Since their launch the company has given us a vivid perspective on what they think of marriage and women. If it were not clear already. Through provocative commercials and advertisements to back their position, it’s clear that their marketing team isn’t biting their tongues for anyone. Aside from the whole infidelity issue, their approach is direct and in-your-face. It may even serve as adequate validation in the eyes of their biggest niche market , the cheater. Nonetheless the ad is offensive and wildly inappropriate in the context it was used. For such a big oops you would think that maybe an apology would be issued to Jacqueline. I often like to think that CEO’s and the people higher up have just a lick of common sense.
Once the ads went viral in several publications. The CEO , Noel Biderman offered some words of encouragement, or maybe not, to the angry model.
“The best thing that could’ve happened to this woman is that we used her in our ad. Despite what she may want you to think, she is reaping the press for her own pornography website. She took these pictures and signed the release knowing that they were” not just for ‘personal use.’ However, if she can get great publicity from this, all the power to her.”
According to Chapter 6 of our textbook, more specifically “the four essential steps of effective public relations,” Ashley Madison did a lot of things right. They clearly researched their target audience, married people and found ways to appeal directly to them. Below you will find a video of an Ashley Madison Ad, that was banned from the 2011 Super Bowl. The first is the actual commercial. The second video features CEO Noel Biderman , and he states that
“There’s a notion out there that we’re inventing infidelity but really its been around a lot longer than our business has. So were out there creating commercials like this, placing them on high end media and we’re attracting tons of audiences to it and that’s why we keep going through these hoops”

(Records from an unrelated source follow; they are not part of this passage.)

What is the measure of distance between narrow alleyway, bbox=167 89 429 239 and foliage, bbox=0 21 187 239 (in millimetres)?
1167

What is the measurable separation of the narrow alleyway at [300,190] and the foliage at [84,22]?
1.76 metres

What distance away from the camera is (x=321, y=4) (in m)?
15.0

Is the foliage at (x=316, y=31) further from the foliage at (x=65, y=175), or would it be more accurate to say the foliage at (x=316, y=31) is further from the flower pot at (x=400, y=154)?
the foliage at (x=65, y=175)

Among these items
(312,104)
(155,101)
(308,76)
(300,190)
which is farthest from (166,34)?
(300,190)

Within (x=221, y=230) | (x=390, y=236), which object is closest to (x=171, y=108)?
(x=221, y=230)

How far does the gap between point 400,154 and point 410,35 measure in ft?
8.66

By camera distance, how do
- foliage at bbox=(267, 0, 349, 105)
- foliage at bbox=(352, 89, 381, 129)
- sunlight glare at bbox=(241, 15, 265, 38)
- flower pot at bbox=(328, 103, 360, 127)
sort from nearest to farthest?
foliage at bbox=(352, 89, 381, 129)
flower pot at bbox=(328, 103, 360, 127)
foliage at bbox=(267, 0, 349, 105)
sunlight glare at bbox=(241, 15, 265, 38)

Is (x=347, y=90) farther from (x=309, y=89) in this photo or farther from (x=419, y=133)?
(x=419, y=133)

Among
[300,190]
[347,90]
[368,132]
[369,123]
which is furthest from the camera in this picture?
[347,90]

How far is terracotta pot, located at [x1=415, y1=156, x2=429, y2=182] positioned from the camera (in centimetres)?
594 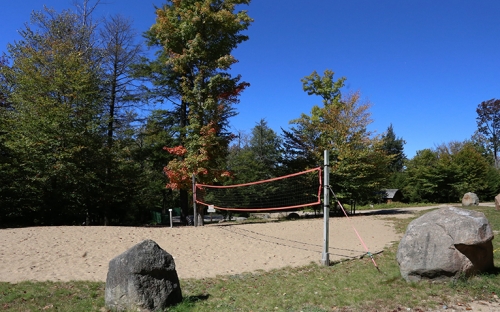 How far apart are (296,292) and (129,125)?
16.0 meters

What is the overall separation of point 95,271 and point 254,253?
3.79 meters

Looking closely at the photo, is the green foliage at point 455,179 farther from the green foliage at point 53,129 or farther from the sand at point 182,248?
the green foliage at point 53,129

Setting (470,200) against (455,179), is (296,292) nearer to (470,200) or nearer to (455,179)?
(470,200)

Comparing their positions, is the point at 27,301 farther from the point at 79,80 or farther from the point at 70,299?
the point at 79,80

Now for those of us that aren’t interested in cheating we find it quite offensive. Though from a public relations point of view these type of ads are yes shocking but certainly get the message across. Our book talks about defining audiences and segmenting public’s. The company understands that this isn’t for everyone so they’re able to make these connections and try to win people over. Are they right for it? Maybe not. Will someone buy into that ad? Yes they will. Some campaigns may be offensive like this one but for this specific lifestyle their are certain points of view that are tolerated. They’ve used their research wisely and concocted a message that appeals specifically to their main audience.
What do you think? Can Jacqueline benefit from being the punch line of a bad joke? Is it in her best interest to take advantage of being exploited? Aside from being controversial do you think their approach is effective?